Input data
——
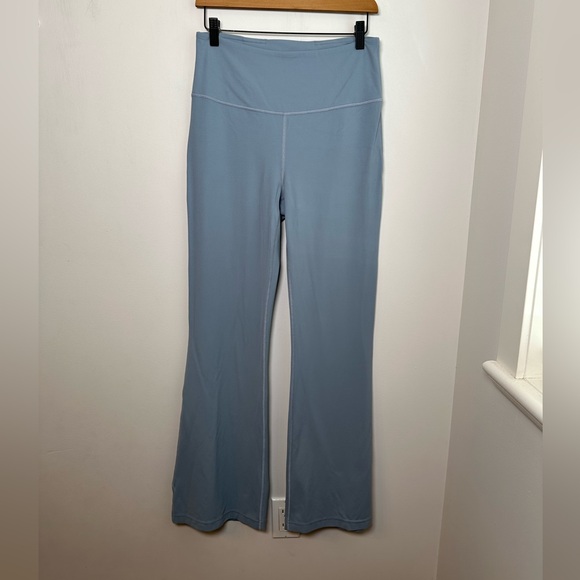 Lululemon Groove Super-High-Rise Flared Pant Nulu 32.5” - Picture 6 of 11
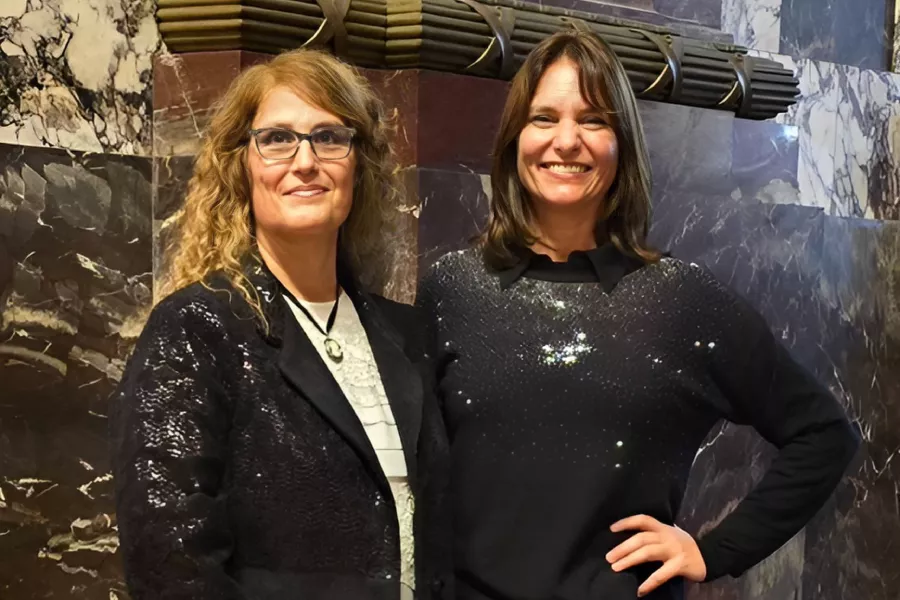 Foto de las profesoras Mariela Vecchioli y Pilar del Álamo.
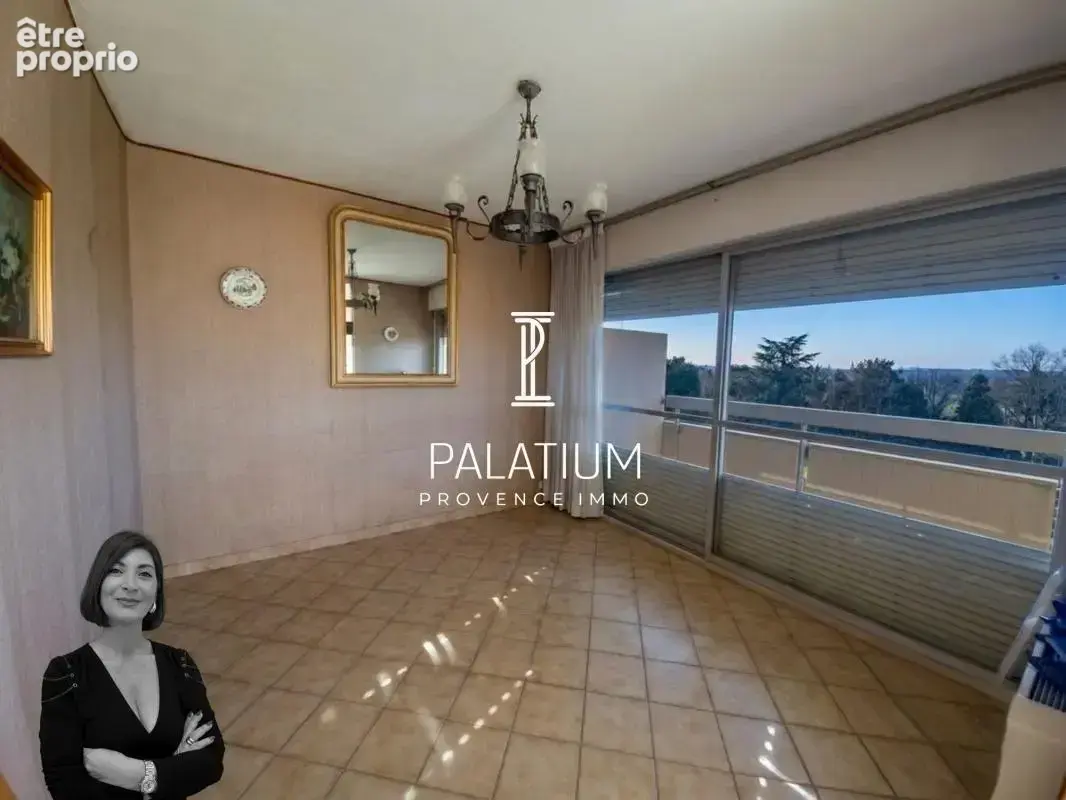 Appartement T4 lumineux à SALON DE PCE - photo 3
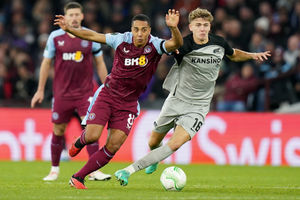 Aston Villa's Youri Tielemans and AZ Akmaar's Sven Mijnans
——
What this task involves
Skip all pictures. Write out only the lines from the one containing "Appartement T4 lumineux" to the end of the listing above, inclusive, exactly as given.

Answer to the exercise
 Appartement T4 lumineux à SALON DE PCE - photo 3
 Aston Villa's Youri Tielemans and AZ Akmaar's Sven Mijnans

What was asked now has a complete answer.